Cannot start any self compiled Kernel stuck at "reached target graphical interface"

I tried to compile kernels myself to use (5.9.2, 5.10.186, 5.15.120) with help of the arch wiki

I had a hard time because of unusual errors but eventually got a working kernel. But neither of the Kernels I compiled I can get into the Desktop Environment I am always stuck at
[ ok ] reached target graphical interface
After that I logged into tty to see whats up but I couldnt really find out


I found out that vmmon belongs to VMWare which I dont really care about so I can safely ignore that.
About the other once I have no clue expect the unable to load firmware which belongs to my ethernet adapter I think.

On the older Kernel (5.9.2) I get additional Errors/Warnings about EDAC amd64: Error: F0 not found but since these are gone with newer versions I dont think that these are the root cause.

I installed xf86-video-fbdev and xf86-video-vesa which let me use startx but that only gave me 3 broken white consoles scattered around my screen

Also here is an example log I generated with kernel 5.9.2

NOTE
I can start any Kernel that was precompiled with no issue whatsoever but not once I compiled myself

Specs
DE: Plasma 5.27.6
CPU: AMD Ryzen 7 5800X (16) @ 3.800GHz
GPU: AMD ATI Radeon RX 6700XT
Memory: 32GB
MB: B550

Generally with kvm I use virtio drivers, more efficient and cheaper too use. Virtio network , virtuo scsi, virtio screen etc.

I don’t know what you are using for your session, I usually use virt-manager and can easily select those devices.

If you are using VMware then you should use any virtio / para virtual drivers they have, ie vmmon which I guess allows VMware to communicate with the vm.

Not sure what you mean by not starting given the log you posted, that seems to say that the kennel started ok, just the programs later didn’t give you the gui you wanted? Or I’m misinterpreting your post?

Thank you for your answer I think I phrased some sentences really wrong :sweat_smile:
The problem is not VMware at all I don’t really use that.

The problem is rather that the system is not booting into any gui it is just stuck at reached target graphical interface and cannot get passed that.

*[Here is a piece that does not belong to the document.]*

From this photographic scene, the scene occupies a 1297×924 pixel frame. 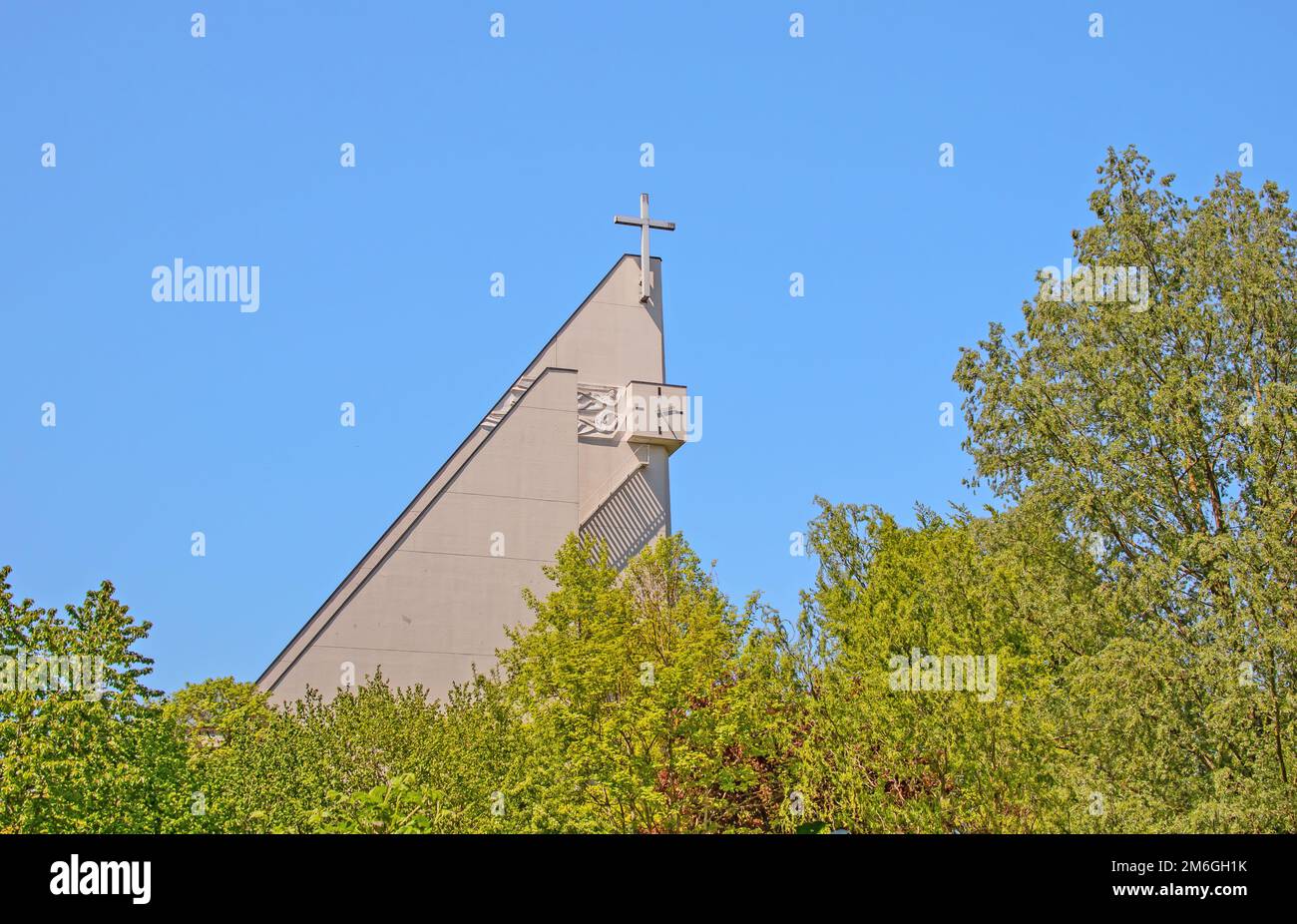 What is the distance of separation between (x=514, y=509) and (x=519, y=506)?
0.76ft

And whatever log I check I cannot find a proper error that causes this issue.

Normal boot (happens on every precompiled kernel) start → Kernel Things → SDDM → Plasma Desktop
Self compiled Kernel: start → Kernel things (As it gets stuck on reached target graphical interface)

Do you maybe have a clue which error log I could provide to further narrow down the issue? :slight_smile:

EDIT:

At this Stage it just hangs forever and wont boot properly

Note: The EDAC amd64 errors are only caused on this version and are fixed in a newer version (Which I also tried and which has the same issue)

Boot Log of that boot

I think you have the title wrong. You are starting the kernel fine. You are getting stuck in the systemctl bootup process starting graphical target.

Getting stuck on graphical would result in me doing systemctl set-default multi-users.target

Might not be graphical which you seem to want, but it would allow systemctl to reach an booted state, and then you can experiment with startx etc, which it seems you were doing anyway using ALTF2 etc to get another virtual console.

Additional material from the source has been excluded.